TASK INPUTS:
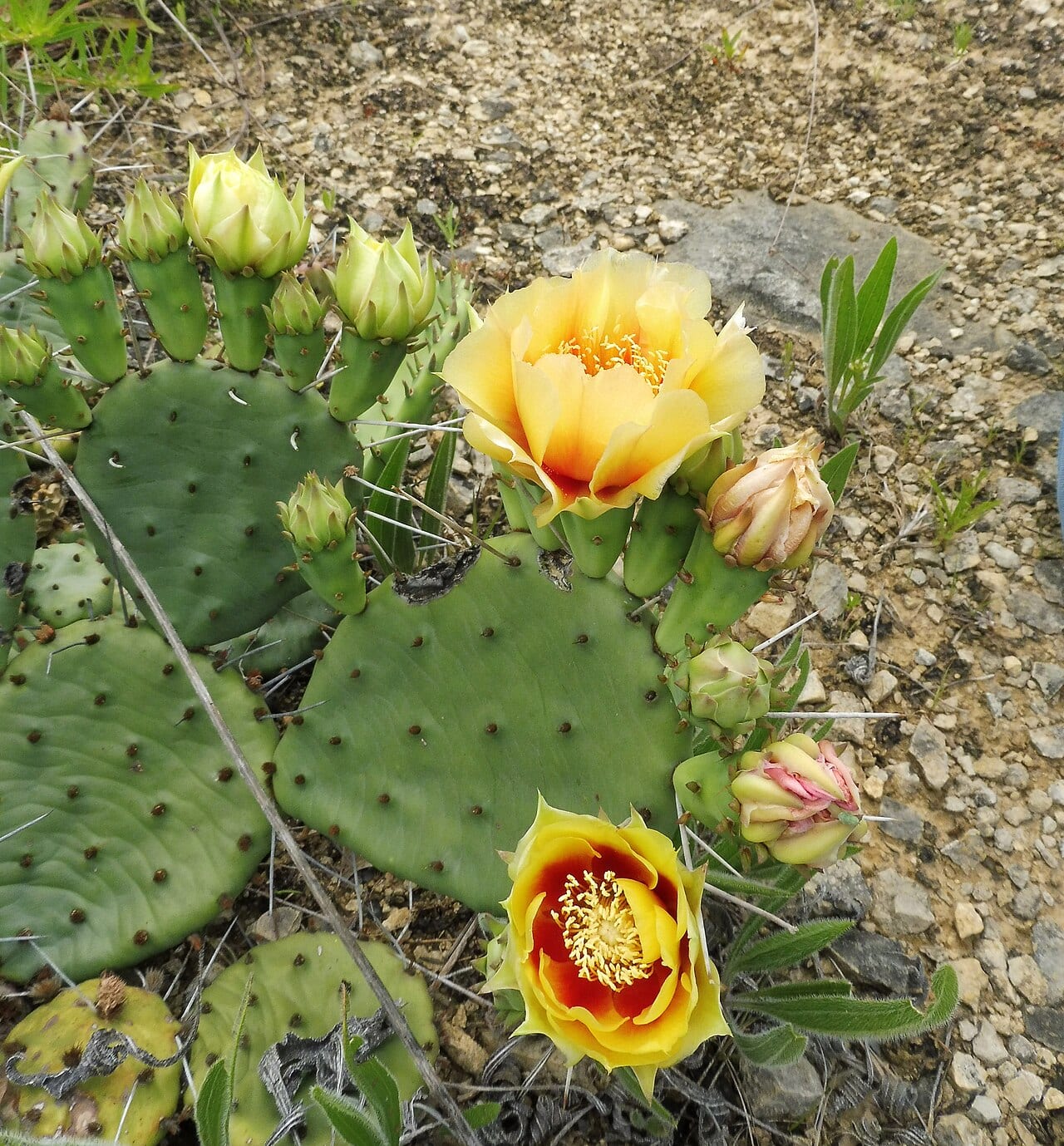 Common eastern prickly-pear (Opuntia cespitosa)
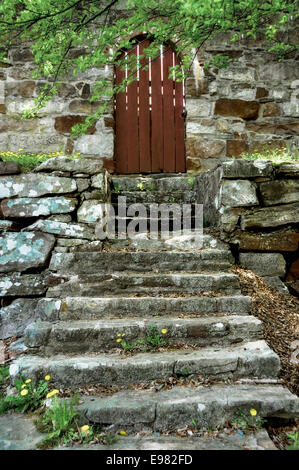 Eine alte Steintreppe führt zu einer Holztür. Grüne Vegetation und Gänseblümchen als Akzente. Stockfoto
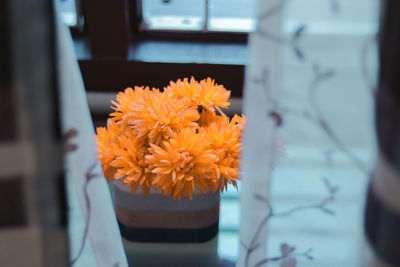 Close-up of yellow flower in vase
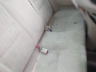 2HGFG12616H****** Destrozados 2006 Honda Civic en Houston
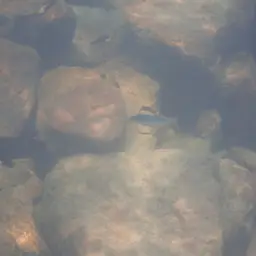 Tanganyika Killifish, photo 4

EXERCISE OBJECTIVE: Restate, word for word and without pictures, the lines from the line containing "Eine alte Steintreppe" to the last line of the records above.

SOLUTION TO THE EXERCISE:
 Eine alte Steintreppe führt zu einer Holztür. Grüne Vegetation und Gänseblümchen als Akzente. Stockfoto
 Close-up of yellow flower in vase
 2HGFG12616H****** Destrozados 2006 Honda Civic en Houston
 Tanganyika Killifish, photo 4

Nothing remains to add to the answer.